1、前期准备
Linux系统
Python(最好是2)
Jdk 1.8以上
2、安装Python2
--更新软件包
sudo apt update
--安装python2
sudo apt install python2
--查看python版本
python2 --version
3、下载DataX
Linux下载DataX
wget http://datax-opensource.oss-cn-hangzhou.aliyuncs.com/datax.tar.gz
解压
tar -zxvf datax.tar.gz
4、增加DataX Job(DataX数据迁移任务)
读取库:SQL Server
写入库:MongoDB
SqlServerToMongodb.json内容如下
{"job": {"setting": {"speed": {"channel": 5}},"content": [{"reader": {"name": "sqlserverreader","parameter": {"username": "用户名","password": "密码","column": ["id","version","created","modified","code","name"],"splitPk": "pk","where": "","connection": [{"table": ["EMPLOYEE"],"jdbcUrl": ["jdbc:sqlserver://127.0.0.1:1433;DatabaseName=TEST"]}]}},"writer": {"name": "mongodbwriter","parameter": {"address": ["127.0.0.1:27017"],"userName": "datax","userPassword": "datax","dbName": "TEST","collectionName": "employee","column": [{"name": "id","type": "string"}, {"name": "version","type": "int"}, {"name": "created","type": "date"}, {"name": "modified","type": "date"}, {"name": "code","type": "string"}, {"name": "name","type": "string"}]}}}]}
}
字段名 | 描述 |
channel | datax线程数(分几个线程执行) |
其他参数查看下面参考资料 |
本文是SqlServerToMongodb的示例,其他查看github里面其他库的读写文档
参考资料:
GitHub - alibaba/DataX: DataX是阿里云DataWorks数据集成的开源版本。

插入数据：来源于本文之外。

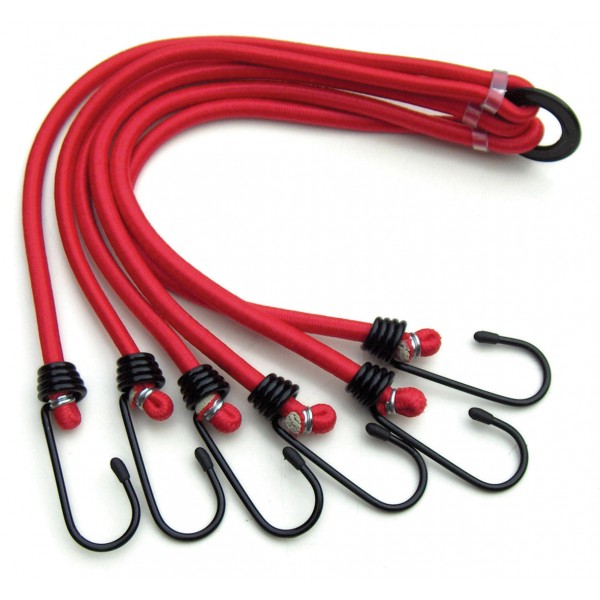 Luggage Elastics - 6 Claw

https://github.com/alibaba/DataX/blob/master/sqlserverreader/doc/sqlserverreader.md
https://github.com/alibaba/DataX/blob/master/mongodbwriter/doc/mongodbwriter.md
5、启动任务
进入bin目录
执行命令(具体目录以自己放的位置为主):
python2 datax.py ../job/SqlServerToMongodb.json